You may have noticed the absence of a blog entry last Friday. This was due to the significant amount of work that Nathan and I were doing in preparation for the digitization of the Poplar Grove materials. The good news is that this made many new images available to share with you on the blog. The bad news is that this work has carried over into the new week, and I still have little time to provide one entry before we leave for the Thanksgiving holiday. In the interest of the gathering of families and friends over the coming week, I have decided to provide you with several photographs of people coming together in the past.

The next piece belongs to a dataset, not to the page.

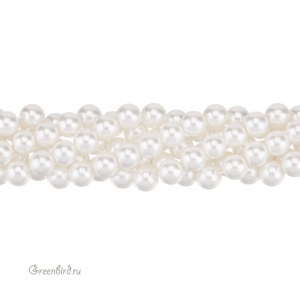 Crystalbird Жемчуг круглый 8 мм, снежно-белый, нить (#01)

We have, first, several photos from a curiosity found in Series 18 of Poplar Grove. This is a photo album depicting friends of E. B. Emory from Virginia. The date is especially interesting, as the album seems to have been compiled in 1866. With the Civil War having concluded in the recent past, friendship was needed to begin healing a wounded nation. As with so many of these items, we don't yet have a strong sense of context in which to place this album, but I hope you will enjoy it simply for the photos from a semi-distant past in which friends, as today, kept in touch over significant distances. The images to the left and right are one such example, as a person who seems to have been a friend from University of Virginia wrote E. B. Emory some kind words about friendship. Regular readers will be reminded of the warm friendship between Emory and Mary Holladay, discussed in an earlier post.

I also have some other images, these of family life in the early twentieth century. Above, one finds a young couple in front of a house, and below is an elderly man watching over a young boy in a yard. These images of family life in America remain timeless, except perhaps for the old man's hat, which certainly speaks of an earlier era.Unfortunately, we cannot yet identify the people in these photographs. Even so, they stand out as distinct reminders of the real emotions and relationships enjoyed by those in the past. These photos provide a visual insight into some of the figures, admittedly unknown, that passed through the lives of those living at Poplar Grove. I hope you have enjoyed this brief entry, and I look forward to giving you many more posts after I return from the Thanksgiving holiday.


Friday, November 13, 2009

Around the World in Six Photographs

Good afternoon,

Friday has come around again, and that means I have some new images for you. I'll leave this post somewhat slim on description, and focus on the images. The last two posts have been fairly heavy on information, so I will allow these photos some breathing room, providing only what limited context I have available.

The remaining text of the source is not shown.